An ERE-approach gives you the mindset to approach your specific set of problems in a systemic manner and therefore in a more robust manner. That way you are not solely reliant on your job, or on the government or on any one source. You are more resilient. If you've made a good plan (i.e., you try to save money, develop skills and develop relationships), then you've built some flex into that plan so that if/when you stumble in one area, you have a safety net via the other areas. If you haven't made a good plan or the stumble is severe enough to overwhelm your entire system...well, those with severe mental health challenges typically have much poorer outcomes than others, at least here in the US (see, e.g., homelessness and associated health challenges). My understanding is the Finnish system has a much better safety net than in the US, but...look, you already know having health issues - be they mental or cancer or anything else, just plain sucks. The only thing you can do is decide how you're going to think of it and how you're going to approach it.

I don't know if that addresses your questions, but those were my thoughts and reactions.

Re: On ERE and Mental Health issues

Posted: Tue Sep 24, 2019 6:10 am
by jennypenny
@Suo -- Do you mean this post in the Personal Mission thread? Or this post from the thread about creating a meaningful life? Or something else?

To the OP -- Absolutely. I'd argue that an ERE lifestyle -- if constructed thoughtfully and carefully to meet your needs* -- would be a great way to guarantee you don't accidentally sabotage yourself during difficult periods.

* You might find you aren't able to 'retire' completely because you need certain routines and boundaries in your life. However, ERE would allow you to choose more desirable and better-suited activities instead of having to grind it out in an unhappy situation. Setting up ERE's web of goals is kind of like CBT-ing your life -- learning how to deal with situations and putting the mechanics in place so that 'dealing' becomes automatic, therefore much less stress-inducing.
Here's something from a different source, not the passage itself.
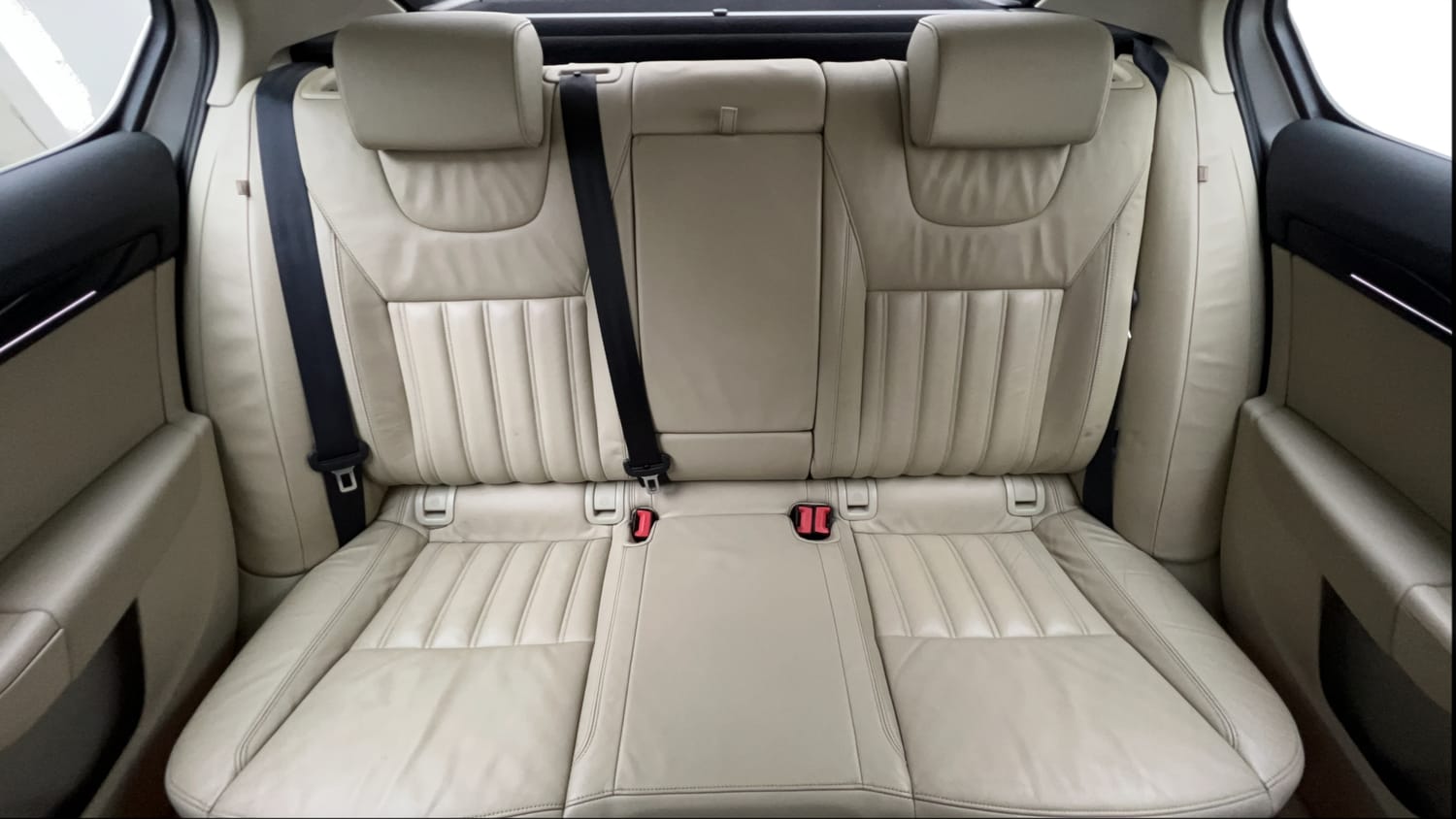 Used 2018 Skoda Octavia 1.8 TSI L&K Petrol Automatic interior REAR SEAT CONDITION VIEW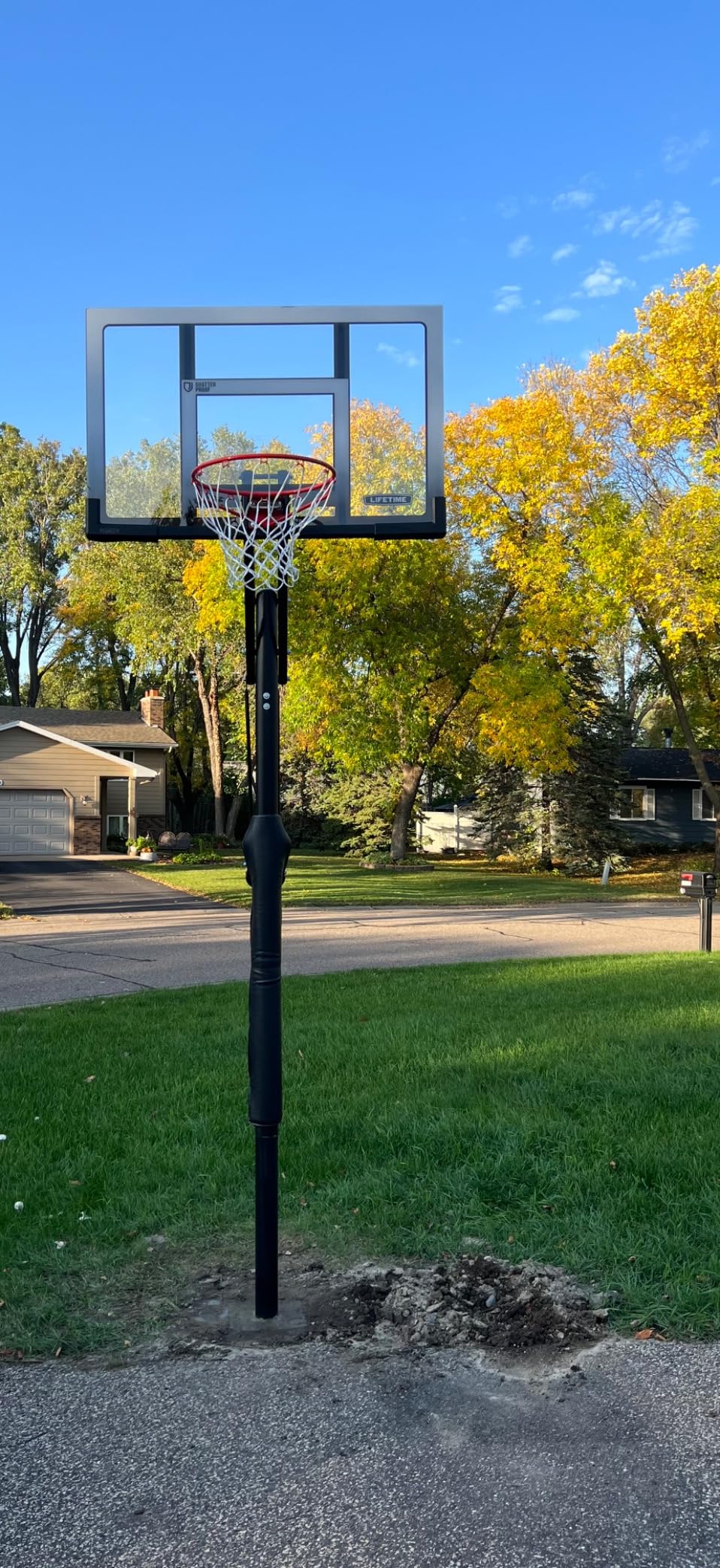 Lifetime 71281 In Ground Power Lift Basketball System, 52 Inch Shatterproof Backboard customer photo 2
Re: On ERE and Mental Health issues

Posted: Tue Sep 24, 2019 7:23 am
by Jean
I don't know if daily suicidal thoughts count as dépression, but ERE was a great way out of it. Freedom from work and peer pressure, coupled with freedom to be outside and with friends and family cured it in a matter of months. I really think dépression is a lifestyle disease. It's only genetic to thé extend of wich lifestyles makes you depressiv.

Re: On ERE and Mental Health issues

Posted: Tue Sep 24, 2019 7:55 am
by suomalainen
@jp - “well, suo, I have sooo many great posts, it’s hard to know to which you are referring.” :lol: ;) it was the personal mission one.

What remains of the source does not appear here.